In terms of birthdays? Background: child in early 20’s left home 2+ years ago. Relationship is good and they live reasonably close. I’ve always made sure my children’s birthdays are celebrated, bought a cake, bespoke cake on special birthdays, blown up balloons, put up banners, parties, given presents and offered a family meal, day out or takeaway on their birthday. Since eldest left home I’ve made sure they and their partner both receive their card before their birthday so that they can open it on their birthday. I’ve modelled this practise of ensuring cards / gifts aren’t late regardless of how busy life is to my children for all occasions and all family / friends really because to me it shows that you care and can put the effort in for someone special to you.

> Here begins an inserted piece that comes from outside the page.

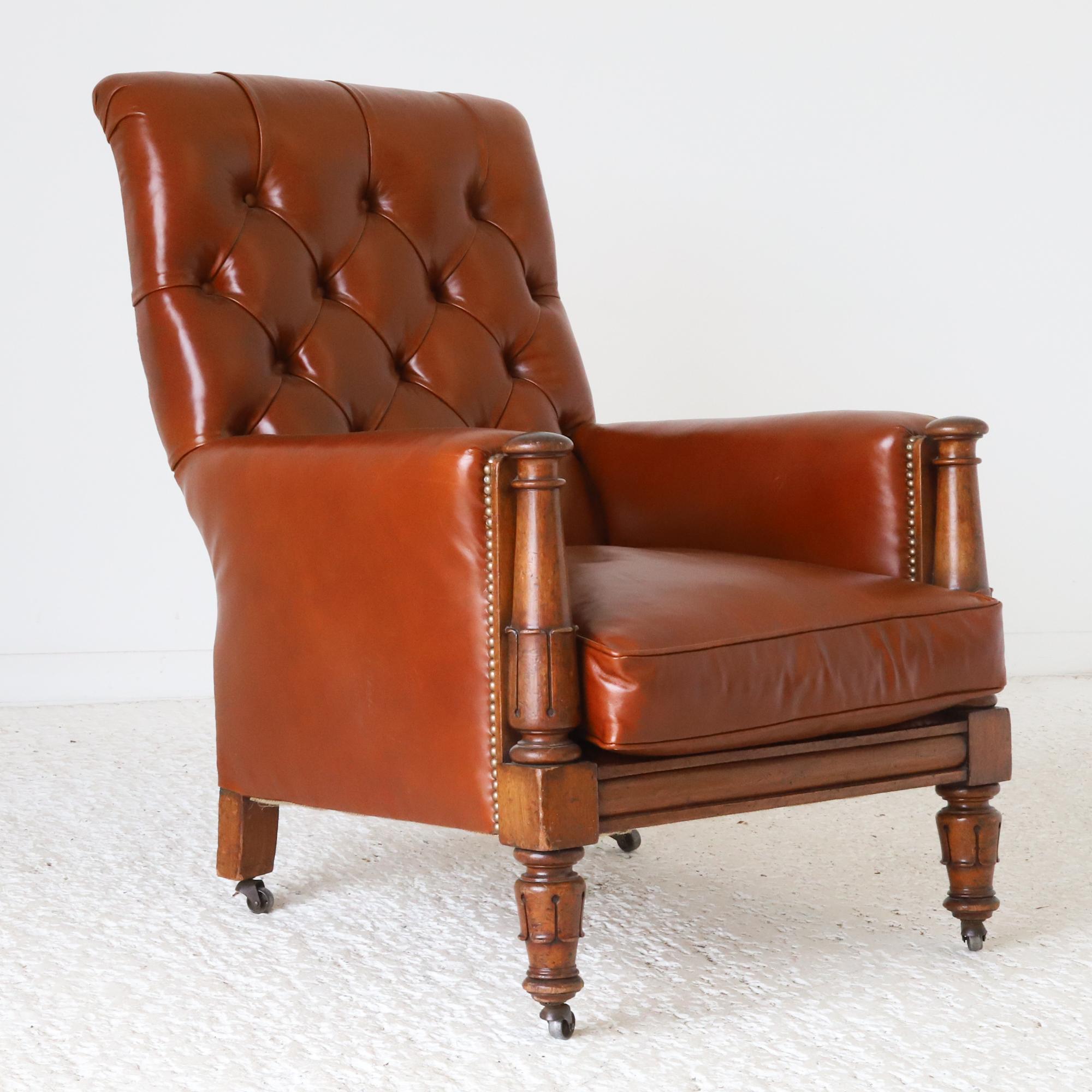 19th Century English c. 1830 Mahogany William IV Library Chair reupholstered in tan leather  For Sale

However, since the eldest left they haven’t really done the same for me. I had a birthday a week ago and didn’t receive a card or gift despite seeing my child a few days before hand so some small forward planning on their part would have solved the problem. I received a happy birthday text on the day so they didn’t forget. Money isn’t an issue (100% confident on this) and they celebrate birthdays vigorously between themselves - surprises, gifts weekends away etc so I’m fairly certain it’s nothing to do with them not wanting to make a big deal about birthdays etc as they’ve gotten older. I feel pretty hurt to be honest, it’s not the 1st time I haven’t received anything on the day but it is the 1st time days have passed without a ‘I’ll bring your present next week’ etc.
My question is: is this normal now? Do adult children just not really put any importance on your birthday? Would you say something about being hurt or just let it go and accept it as what it is? For the record I won’t fall out with my child, I never have and never will.